# Any one has good experience with the NaBH4\Cucl2 reduction?



## Bennychairman (Dec 1, 2022)

i want to ask if any of you have experience with best method and rates and tempratures for the reduction , i specifically talking about 2,5 dimethoxy-NS to 2ch 
lets say something like this my friend tried.

A 2 neck round bottom flask containing a 1:1 mixture of IPA:water by weight (250g/10g NS) was equipped with a condenser and 7.25 molar equivalents of NaBH4 were added, at once, under heavy stirring and left until bubbling stopped and all was dissolved. Afterwards, all of the NS (9.3g) was added at once to the flask.
*would adding the Nabh4 do a freezing -16 would be safe some nabh4 from decomposing? 

The mixture was refluxed for 15 minutes before 1.2g of CuCl2 dihydrate dissolved in a minimal amount of water was added to the refluxing reaction all at once. This was a mistake, and the mixture almost boiled out of the open side neck of the flask. Next time, I will add it in two parts. The reaction was then refluxed for another hour. A very faint methylamine smell was noted, implying my nitrostyrene was not clean enough and still had contained amounts of nitromethane that was being reduced into methylamine. This actually made me happy, though, because it was evidence the nitro groups were being reduced.

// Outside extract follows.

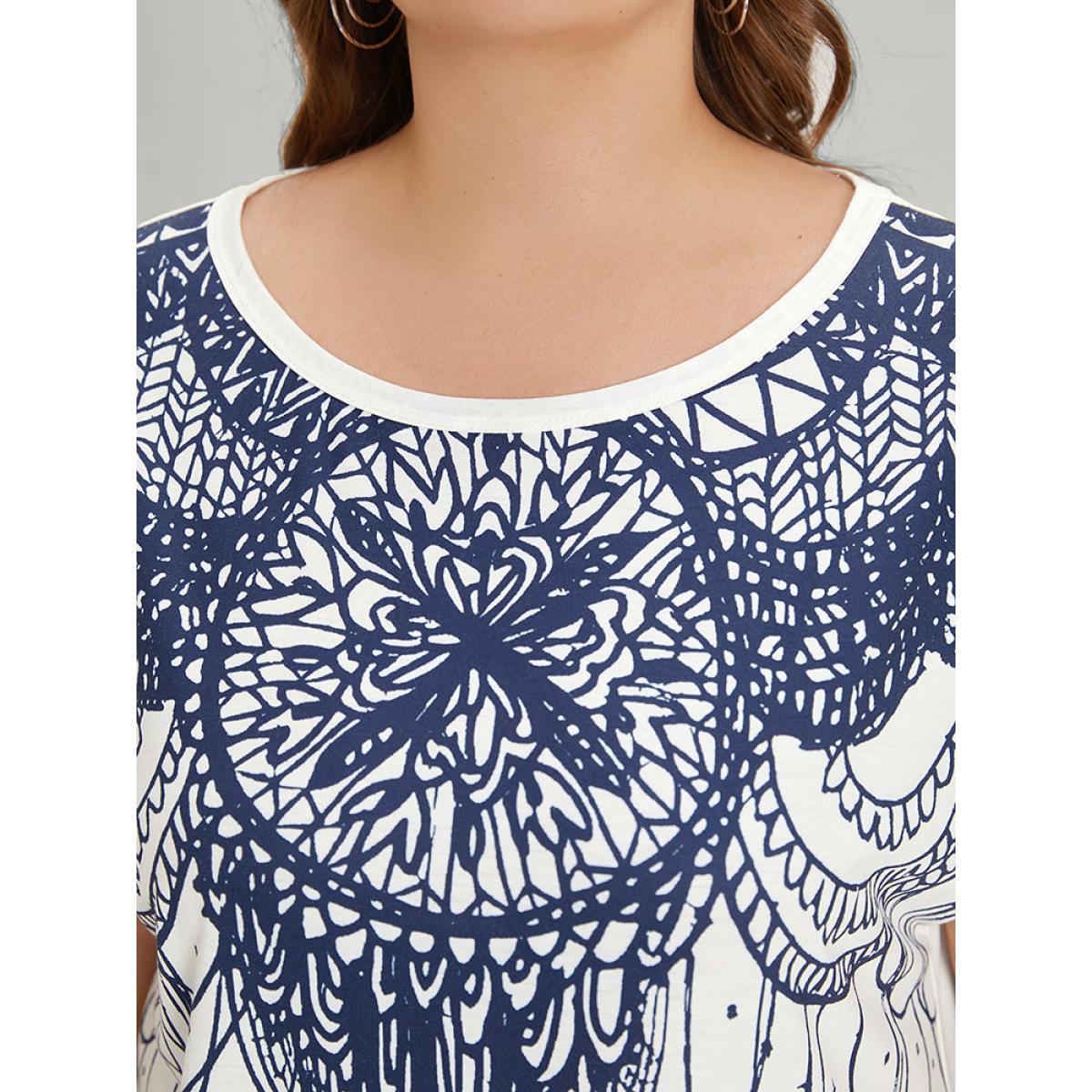 Plus Size Boho Print Batwing Sleeve Crew Neck T-shirt Multicolor Women Casual Printed Bohemian Print Round Neck Dailywear T-shirts BloomChic 14-16/1X Product Image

After refluxing the reaction was allowed to cool to about room temperature and concentrated acetic acid was added to neutralize the remaining NaBH4 until no more bubbling occurred upon addition of acetic acid. This took about 20mL of acetic acid.


Work up:

The solution was vacuum filtered and distilled until distillate came off at 100C, implying almost all the IPA had been boiled off. This was stored in a container and will be recycled for further reaction runs. 

After cooling the solution, dark oily what I assume to be crude 2C-H freebase was seen in the reaction mixture. Conc. HCl was added under stirring until the water was heavily acidic. This took more HCl that expected. Then the water was washed with 6x25mL of DCM, made basic with 20% KOH solution, extracted with 6x25mL of DCM, the extracts were pooled, washed with distilled water, and 5g of concentrated HCl was added followed by extraction with 3x40mL of water. The water was boiled off via azeotropic distillation with toluene until a sudden precipitation of white 2C-H HCl crystals took place.

Final yield: 6.8g of 2C-H HCl from 9.3g of 2,5-dimethoxy-beta-nitrostyrene. 65%



can something be done to improve the yield or save some materials?


----------